On May 1, 2019, Vogel contacted State Department official Kate Schilling about a story he was working on regarding an Obama administration meeting in January 2016 with Ukrainian prosecutors and mentioned the name of the CIA analyst believed to be the whistleblower whose complaint sparked impeachment proceedings that led to two articles of impeachment: abuse of power and obstruction of Congress.
“Democrats Warn That American People May Tamper With Next Election.” “‘When the Founders wrote that founding document thing, they never imagined there would be electoral outcomes that Democrats did not agree with.’ Democrats also said they even have hard evidence that the 2016 election was compromised by Republicans voting for Trump.”
Final Brexit bill passes. The EU is reportedly quite eager to hurt its largest trading partner to spite its face…
Giant warehouse explosion in Houston. No reports of injuries, but the explosion was said to be heard 20 miles away… Update: Now hearing it was a manufacturing facility, with a propylene tank as the suspected cause, with two dead and one missing.
The Chinese government has placed the city of Wuhan under quarantine in an attempt to stop the spread of the deadly, pneumonia-like virus called 2019-nCoV.
According to a Chinese news bulletin, all passenger transportation out of the city has been temporarily suspended. That means that the city’s 11 million residents, hundreds of whom have fallen ill and at least nine of whom have died from the viral outbreak, are trapped unless they receive special permission to leave.
The virus quickly spread to nearby Japan, Thailand, and South Korea, and a traveler from Wuhan also carried it to the U.S.
In the face of a global outbreak, the Chinese government has been trying to maintain control of the narrative, censoring media and deleting social media posts that don’t align with its official statements.
Last coronavirus death count is 26 people, with more than 30 million people under quarantine. By contrast, the 2014-2016 west African Ebola outbreak killed more than 11,000 people.
Smear someone as a “white nationalist” on the says so of the SPLC, just because they want to enforce border control laws? Enjoy your $5 million lawsuit.
Hungary’s Deputy Prime Minister Zsolt Semjen has stated that such programs “ha[ve] no business in universities” as they represent “an ideology, not a science,” with a market profile “close to zero.” Similarly, Orban’s Chief of staff Gergely Gulyas said, “The Hungarian government is of the clear view that people are born either men or women. They lead their lives the way they think best [and] the Hungarian state does not wish to spend public funds on education in this area.”
Media estimates of 22,000 for the Second Amendment rally are probably too low. “I think when all is said and done, the crowd of gun rights supporters attending Lobby Day on Monday probably was double the official figure and approached 50,000.”
In addition to Steve Adler all but personally inviting every transient drug addict in the state to take up residence in Austin, the killer was out on personnel recognizance bond after committing a burglary, thanks to yet another Austin City Council decision.
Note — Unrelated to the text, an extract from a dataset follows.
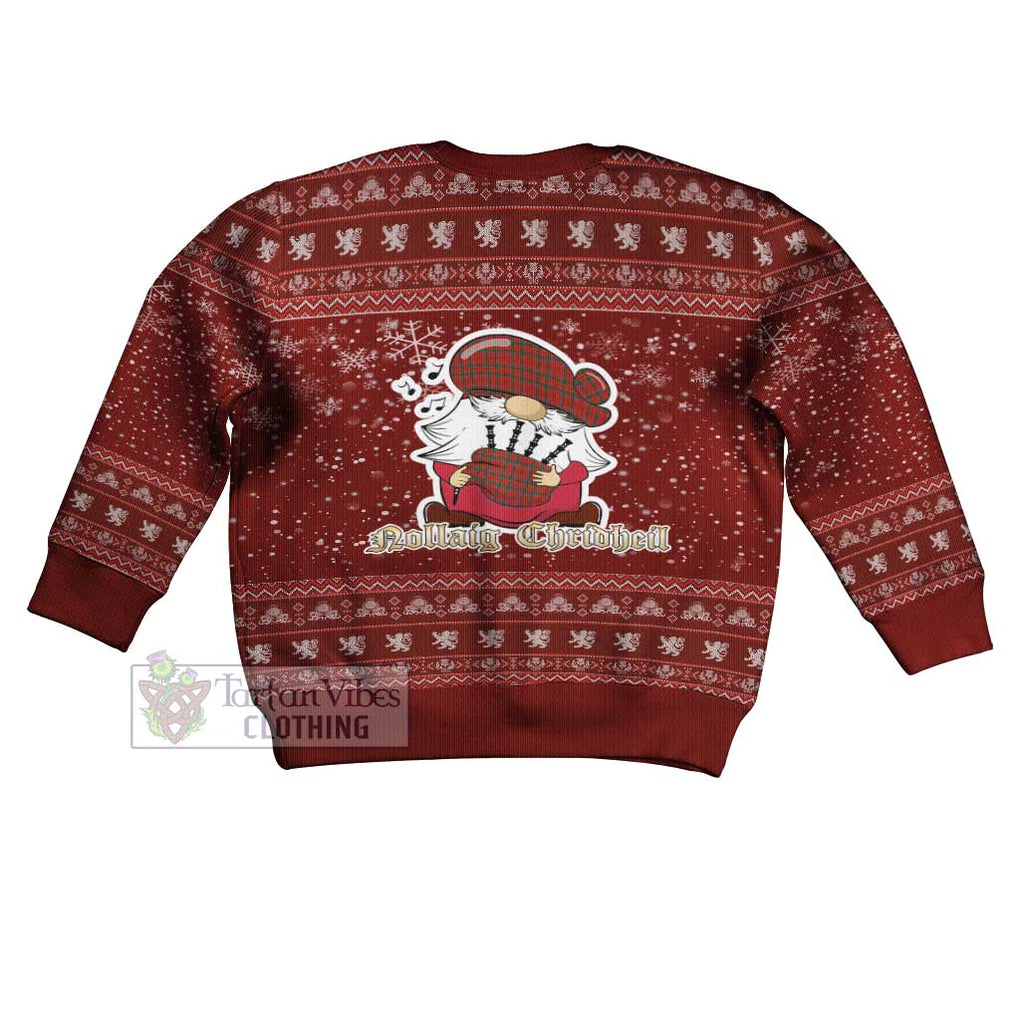 Tartan Vibes Clothing Dalzell (Dalziel) Clan Christmas Kid Ugly Sweater with Gnome Playing Bagpipes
Amazon sues to stop to stop Microsoft $10 billion “war cloud” project for the Pentagon, evidently because President Trump is a big meanie who didn’t let them get the contract. Eh, Pentagon procurement bidding is pretty opaque under the best of circumstances, much less under the zillions of possible variations on setting up a cloud infrastructure. There’s no way whether to determine this is a real grievance or just sour grapes over losing a big contract.
Journalist Glenn Greenwald charged with hacking in Brazil. Though in this case, “hacking” seems to amount to “publishing embarrassing information about members of the Brazilian government.”
In praise of Christopher Tolkien. It’s probably only a matter of time until Disney buys the Tolkien estate now…or someone far worse.